Sejalan dengan perubahan dan tuntutan global, dunia pertanian juga mengalami dinamika yang luar biasa. Model pendekatan lama dimana penyuluhan merupakan agen transfer teknologi dan informasi sudah tidak cukup. Tuntutan di lapangan semakin rumit sehingga jika penyuluhan pertanian sebagai penyedia public goods tidak bisa berperan dengan baik maka akan semakin ditinggalkan oleh penguna tradisionalnya. Pada saat ini penyuluh-penyuluh lapangan swasta yang juga merupakan pelayan teknis perusahaan sarana produksi nasional dan multinasional juga telah merambah ke desa-desa.

Daram era baru pertanian, penyuluh lapangan dituntut untuk memiliki fungsi paling tidak dalam tiga hal yaitu transfer teknologi (technology transfer), fasilitasi (facilitation) dan penasehat (advisory work). Untuk mendukung fungsi-fungsi tersebut, penyuluh pertanian lapangan mestinya juga menguasai dan memanfaatkan teknologi informasi dan komunikasi.

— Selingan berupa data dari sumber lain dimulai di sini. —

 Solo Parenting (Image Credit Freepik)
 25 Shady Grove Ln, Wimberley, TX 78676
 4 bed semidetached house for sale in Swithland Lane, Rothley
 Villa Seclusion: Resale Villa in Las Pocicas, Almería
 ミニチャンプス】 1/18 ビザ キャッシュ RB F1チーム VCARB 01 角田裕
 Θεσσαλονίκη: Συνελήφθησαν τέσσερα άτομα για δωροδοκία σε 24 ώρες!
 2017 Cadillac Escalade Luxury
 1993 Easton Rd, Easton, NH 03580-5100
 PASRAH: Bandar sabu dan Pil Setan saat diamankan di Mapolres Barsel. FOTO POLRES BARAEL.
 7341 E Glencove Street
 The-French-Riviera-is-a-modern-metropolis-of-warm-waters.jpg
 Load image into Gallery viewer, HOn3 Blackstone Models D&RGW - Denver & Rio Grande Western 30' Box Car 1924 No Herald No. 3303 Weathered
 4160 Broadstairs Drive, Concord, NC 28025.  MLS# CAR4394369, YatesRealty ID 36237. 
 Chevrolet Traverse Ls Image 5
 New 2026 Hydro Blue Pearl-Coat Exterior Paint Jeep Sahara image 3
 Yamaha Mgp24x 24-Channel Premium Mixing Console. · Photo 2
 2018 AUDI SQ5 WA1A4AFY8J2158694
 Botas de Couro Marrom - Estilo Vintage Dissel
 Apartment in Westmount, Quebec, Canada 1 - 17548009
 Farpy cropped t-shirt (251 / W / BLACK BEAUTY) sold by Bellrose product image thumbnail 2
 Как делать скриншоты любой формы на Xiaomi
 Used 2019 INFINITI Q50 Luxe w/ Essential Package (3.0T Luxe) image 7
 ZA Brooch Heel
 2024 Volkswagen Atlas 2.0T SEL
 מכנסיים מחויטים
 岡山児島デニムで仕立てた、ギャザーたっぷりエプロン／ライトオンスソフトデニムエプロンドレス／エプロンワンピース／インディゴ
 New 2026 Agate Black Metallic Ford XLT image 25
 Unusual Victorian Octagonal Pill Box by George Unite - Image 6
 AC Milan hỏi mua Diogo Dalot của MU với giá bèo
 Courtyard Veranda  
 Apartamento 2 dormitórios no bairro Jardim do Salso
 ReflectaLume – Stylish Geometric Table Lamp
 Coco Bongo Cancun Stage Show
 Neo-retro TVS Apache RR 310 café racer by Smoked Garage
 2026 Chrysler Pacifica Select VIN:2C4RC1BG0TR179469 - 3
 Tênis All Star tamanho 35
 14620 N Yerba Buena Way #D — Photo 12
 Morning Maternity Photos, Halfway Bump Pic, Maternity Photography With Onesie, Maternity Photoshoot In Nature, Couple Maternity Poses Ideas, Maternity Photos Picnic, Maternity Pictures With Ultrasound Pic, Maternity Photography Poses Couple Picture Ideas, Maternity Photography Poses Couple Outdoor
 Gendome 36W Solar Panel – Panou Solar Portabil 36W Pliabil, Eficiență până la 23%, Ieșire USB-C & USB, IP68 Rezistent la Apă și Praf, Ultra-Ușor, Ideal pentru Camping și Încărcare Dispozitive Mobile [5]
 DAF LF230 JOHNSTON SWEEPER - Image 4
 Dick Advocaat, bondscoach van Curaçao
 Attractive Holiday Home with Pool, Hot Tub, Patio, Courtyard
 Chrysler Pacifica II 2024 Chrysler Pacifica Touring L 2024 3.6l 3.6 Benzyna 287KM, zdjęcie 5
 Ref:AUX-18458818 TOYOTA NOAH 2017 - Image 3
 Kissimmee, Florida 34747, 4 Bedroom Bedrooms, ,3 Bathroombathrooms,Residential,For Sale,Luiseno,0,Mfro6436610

Tema-tema penyuluhan juga bergeser tidak hanya sekedar peningkatan produksi namun menyesuaikan dengan isu global yang lain misalnya bagaimana menyiapkan petani dalam bertani untuk mengatasi persoalan perubahan iklim global dan perdagangan global. Petani perlu dikenalkan dengan sarana produksi yang memiliki daya adaptasi tinggi terhadap goncangan iklim, selain itu teknik bertani yang ramah lingkungan, hemat air serta tahan terhadap cekaman suhu tinggi nampaknya akan menjadi tema penting bagi penyuluhan pertanian masa depan.